I sit, and soon, there it is—pain in my knee, my back, maybe my neck. It sharpens, draws my attention. The thought comes: I could move. I could stop this right now. That’s the familiar loop. But this time, I don’t move.
I notice something else: the space between the discomfort and the urge to escape. The gap.
In the gap, a question appears: Is this suffering, or is this just experience? The pain itself hasn’t changed. It’s still here, steady. But my perception of it is where the work is.
I see that suffering isn’t the sensation itself—it’s in resisting it, in the push against what’s already here. That push takes energy. Energy that could be fueling presence, fueling life, even fueling joy.
So I stop resisting.
The pain remains, but something loosens. I’m not using energy to fight it anymore. That energy flows elsewhere, into awareness itself.

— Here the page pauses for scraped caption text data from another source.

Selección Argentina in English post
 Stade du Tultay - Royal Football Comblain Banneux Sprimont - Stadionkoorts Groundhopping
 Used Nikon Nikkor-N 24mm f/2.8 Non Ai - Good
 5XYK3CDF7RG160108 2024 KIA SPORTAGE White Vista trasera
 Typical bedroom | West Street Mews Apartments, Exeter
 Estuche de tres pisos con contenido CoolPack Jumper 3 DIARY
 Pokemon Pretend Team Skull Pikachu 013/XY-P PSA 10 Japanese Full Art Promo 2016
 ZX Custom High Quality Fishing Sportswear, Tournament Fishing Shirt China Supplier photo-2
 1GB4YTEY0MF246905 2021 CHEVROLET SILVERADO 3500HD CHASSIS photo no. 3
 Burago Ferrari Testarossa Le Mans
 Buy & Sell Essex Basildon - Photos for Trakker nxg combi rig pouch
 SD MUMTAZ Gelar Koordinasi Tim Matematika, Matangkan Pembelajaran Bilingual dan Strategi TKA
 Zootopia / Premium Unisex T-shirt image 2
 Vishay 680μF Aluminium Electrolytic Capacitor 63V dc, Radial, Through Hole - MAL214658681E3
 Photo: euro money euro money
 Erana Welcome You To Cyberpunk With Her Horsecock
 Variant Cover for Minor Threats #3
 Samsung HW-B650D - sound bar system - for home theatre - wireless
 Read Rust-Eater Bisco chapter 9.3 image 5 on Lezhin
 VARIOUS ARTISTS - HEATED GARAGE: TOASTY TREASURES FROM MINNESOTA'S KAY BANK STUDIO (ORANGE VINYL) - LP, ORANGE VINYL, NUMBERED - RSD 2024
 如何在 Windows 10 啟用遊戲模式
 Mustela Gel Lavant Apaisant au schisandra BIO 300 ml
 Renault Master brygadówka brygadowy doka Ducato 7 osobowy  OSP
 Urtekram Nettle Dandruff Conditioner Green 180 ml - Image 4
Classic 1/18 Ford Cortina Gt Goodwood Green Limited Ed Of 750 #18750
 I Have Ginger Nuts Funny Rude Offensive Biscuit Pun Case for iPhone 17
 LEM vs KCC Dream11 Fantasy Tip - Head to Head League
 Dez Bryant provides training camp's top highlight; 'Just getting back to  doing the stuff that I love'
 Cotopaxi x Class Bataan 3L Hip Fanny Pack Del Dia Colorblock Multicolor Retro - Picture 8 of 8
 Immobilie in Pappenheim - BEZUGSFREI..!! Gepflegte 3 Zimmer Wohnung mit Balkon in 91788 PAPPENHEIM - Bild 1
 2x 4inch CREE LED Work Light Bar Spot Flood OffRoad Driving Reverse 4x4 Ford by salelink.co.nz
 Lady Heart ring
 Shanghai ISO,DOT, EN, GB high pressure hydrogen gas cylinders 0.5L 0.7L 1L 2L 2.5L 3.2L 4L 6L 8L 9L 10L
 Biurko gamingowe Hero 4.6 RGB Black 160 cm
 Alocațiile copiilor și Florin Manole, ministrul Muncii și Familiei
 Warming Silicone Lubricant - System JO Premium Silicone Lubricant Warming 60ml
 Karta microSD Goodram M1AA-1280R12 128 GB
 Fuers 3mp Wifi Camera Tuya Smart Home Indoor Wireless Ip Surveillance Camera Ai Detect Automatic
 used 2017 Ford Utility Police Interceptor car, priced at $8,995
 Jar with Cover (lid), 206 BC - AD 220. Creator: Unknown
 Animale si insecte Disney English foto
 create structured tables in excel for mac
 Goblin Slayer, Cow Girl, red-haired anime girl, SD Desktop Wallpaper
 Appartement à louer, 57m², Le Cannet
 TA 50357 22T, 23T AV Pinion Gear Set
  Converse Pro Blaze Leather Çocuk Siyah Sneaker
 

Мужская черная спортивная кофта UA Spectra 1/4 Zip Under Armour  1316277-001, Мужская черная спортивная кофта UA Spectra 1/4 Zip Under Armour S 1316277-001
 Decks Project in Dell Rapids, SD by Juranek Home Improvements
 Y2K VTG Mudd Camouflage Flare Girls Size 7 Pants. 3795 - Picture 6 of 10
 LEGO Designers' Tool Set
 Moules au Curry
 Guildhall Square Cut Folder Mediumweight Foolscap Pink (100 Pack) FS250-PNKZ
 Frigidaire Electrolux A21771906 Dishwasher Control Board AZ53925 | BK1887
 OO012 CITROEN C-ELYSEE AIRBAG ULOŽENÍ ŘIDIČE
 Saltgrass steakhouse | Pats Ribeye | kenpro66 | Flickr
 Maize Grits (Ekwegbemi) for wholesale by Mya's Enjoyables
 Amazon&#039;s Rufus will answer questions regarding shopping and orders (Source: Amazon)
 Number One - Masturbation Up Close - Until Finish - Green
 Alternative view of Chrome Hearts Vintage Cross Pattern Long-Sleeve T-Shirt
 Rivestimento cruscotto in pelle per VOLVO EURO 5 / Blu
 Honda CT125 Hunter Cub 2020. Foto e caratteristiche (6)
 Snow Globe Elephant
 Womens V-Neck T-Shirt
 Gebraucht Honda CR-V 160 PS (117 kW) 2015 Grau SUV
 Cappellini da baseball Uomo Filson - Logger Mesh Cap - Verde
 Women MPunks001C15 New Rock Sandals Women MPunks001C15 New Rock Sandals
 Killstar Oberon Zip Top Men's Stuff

The gap widens.
Now, the gap feels less like an in-between moment and more like a tunnel. I’m inside it, and instead of being trapped in pain, I’m moving through something. And in this tunnel, if I stay open, I begin to sense doors. Little windows into ease, into being. Not because the pain has vanished, but because the suffering has dissolved.
The gap is everywhere—it’s the space between all things. The place where resistance turns into flow, where suffering turns into experience. And if suffering lessens, even a little, what remains is just this moment. And maybe, just maybe, that’s enough.